View our TCFD report
Our climate action statement
OCBC recognises that our financial success is intrinsically linked to the overall health of the markets we operate in. We are committed to advancing Environmental and Social (E&S) progress and to conducting our business in a responsible manner. By doing so, we will be able to support sustainable development in our markets and communities and create long-term value for our stakeholders.
Our climate action statement affirms our support for the Paris Climate Agreement, which aims to keep the increase in global average temperatures to “well below 2°C above pre-industrial levels”. We believe that decarbonisation of the economy must be managed responsibly over time and will adopt a progressive approach to promote the transition to a low-carbon economy. This is aligned with our focus on Sustainable Development Goal 13 of taking urgent action to combat climate action and its impacts.
Our commitments on Coal Sector Lending:
- We prohibit new financing of Coal-fired Power Plants.
- We prohibit new financing of Thermal Coal Mines.
As part of our ESG Risk Assessment Framework, we perform enhanced E&S due diligence on our clients for all energy-related loans, referencing:
- International Finance Corporation (IFC) Performance Standards;
- Equator Principles (EP); and
- Local/National laws and regulations.
Under our credit evaluation process, we conduct ESG risk assessment on borrowers at least once a year throughout the financing tenor. Additional assessments are conducted if and when significant ESG events arise. In addition, we may impose covenants in our credit facilities that require the borrowers to comply with ESG requirements. If the covenants are breached or our ESG expectations are not met, we will reassess the client relationships, including turning down transactions.
Increasing sustainable financing
We will continue to seek and realise opportunities to partner our clients on sustainability performance-linked loans.

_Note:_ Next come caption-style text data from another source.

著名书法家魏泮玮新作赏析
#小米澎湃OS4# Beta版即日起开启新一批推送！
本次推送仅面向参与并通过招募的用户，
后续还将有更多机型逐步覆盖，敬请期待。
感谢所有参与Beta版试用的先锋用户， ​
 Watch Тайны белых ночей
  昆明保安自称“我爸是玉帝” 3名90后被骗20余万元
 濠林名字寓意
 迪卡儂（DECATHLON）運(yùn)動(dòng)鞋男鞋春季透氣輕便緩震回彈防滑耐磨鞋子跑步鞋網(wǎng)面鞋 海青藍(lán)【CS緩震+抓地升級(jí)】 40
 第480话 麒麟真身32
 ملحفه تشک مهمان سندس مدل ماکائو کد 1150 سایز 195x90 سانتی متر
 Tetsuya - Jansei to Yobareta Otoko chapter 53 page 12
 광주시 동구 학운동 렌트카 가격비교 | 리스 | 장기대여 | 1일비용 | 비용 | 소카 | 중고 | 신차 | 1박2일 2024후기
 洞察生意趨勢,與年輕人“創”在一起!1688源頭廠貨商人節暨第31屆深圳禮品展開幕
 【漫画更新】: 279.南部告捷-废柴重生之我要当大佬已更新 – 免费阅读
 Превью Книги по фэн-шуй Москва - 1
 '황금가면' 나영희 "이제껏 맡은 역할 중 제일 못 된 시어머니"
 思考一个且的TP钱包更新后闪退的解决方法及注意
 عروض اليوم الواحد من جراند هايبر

By offering reduced interest rates for independently assessed improvements in their ESG indicators, our clients will be financially incentivised and empowered to find innovative ways to enhance their sustainability performance. We are committed to channelling funds to support environmental investments which will in turn spur economic and climate resiliency across our core markets. The green bond market has emerged as an alternative source of funding and a platform to support the financing of qualifying assets/projects that combat climate action and its impacts. These qualifying assets/projects may include renewable energy, energy efficiency, sustainable water and wastewater management, green buildings, and others.
Disclosure on our climate action efforts
OCBC recognises the importance of transparency and believes that comprehensive climate-related disclosures can help drive the global transition towards a low-carbon economy. Since becoming signatory to the Task Force on Climate-related Financial Disclosures (TCFD) in 2019, we have been working towards implementing the TCFD recommendations and continuously enhancing our climate disclosures with the support of a cross-functional internal working group.
Sustainability is a journey and OCBC recognises that more needs to be done to support sustainable development. In line with this approach, we will continue to refine our climate action statement and enhance our responsible financing policies over time. Together with our customers, we will work towards further adopting appropriate sustainable practices and standards laid out by local regulations and to continue to reference international standards and industry best practices.